地下深くに隠されていた光が、静かに揺れている。


だが。


それを見る時間はなかった。


ひらり。


白い羽が舞う。


一枚。


また一枚。


羽は刃となり。


一直線にベスへ迫る。


「っ!」


光の槍を受けた衝撃で。


身体が動かない。


剣を上げる。


間に合わない。


白い刃が目前まで迫った。


その瞬間。


ガギィィン!!


灰色の剣が割って入る。


火花が散る。


白い刃が弾かれた。


「……団長!」


ベスが顔を上げる。


ガルドは灰色の剣を静かに構えたまま、小さく息を吐く。


「悪い。」


「少し遅れた。」


その声と同時に。


ボルグが大楯を構え、前へ出る。


レオンは大剣を肩へ担ぐ。


「ようやく追いついたぜ。

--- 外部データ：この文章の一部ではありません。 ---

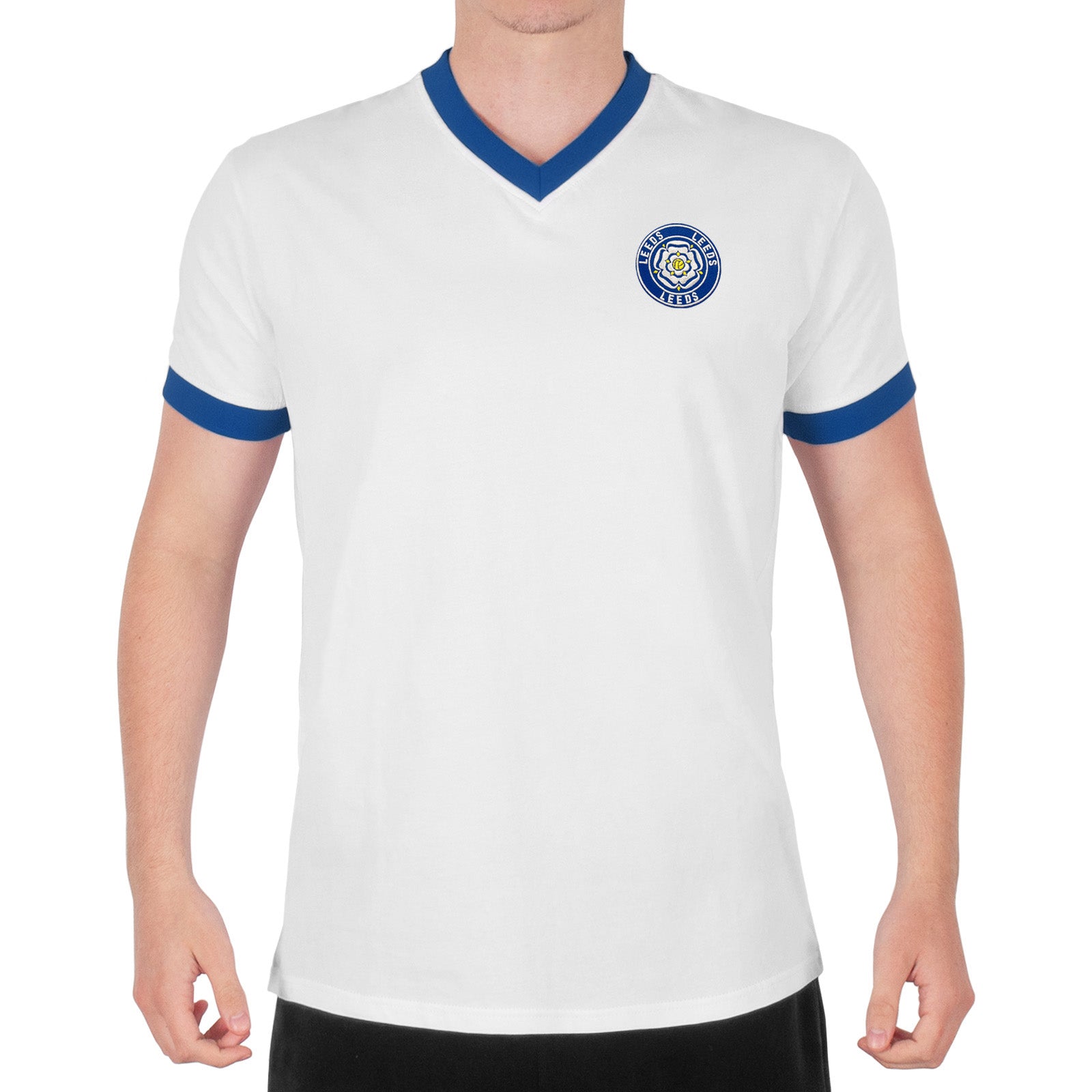 Leeds retro v-neck t-shirt in white with embroidered applique rose crest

」


アイラは静かに矢を番える。


エインも大弓を構えた。


リシアは一歩前へ出る。


その足元から。


小さな氷の花が、ふわりと舞う。


一輪。


また一輪。


淡く輝く花弁が、静かに彼女の周囲を巡った。


ノアは灰猫を抱いたまま、小さく息を呑む。


「ベス……。」


灰猫は白い翼を見つめ、小さく頷く。


「間に合ったようじゃの。」


神の先兵は微動だにしない。


白い瞳だけが。
















静かに灰色の剣を見据えていた。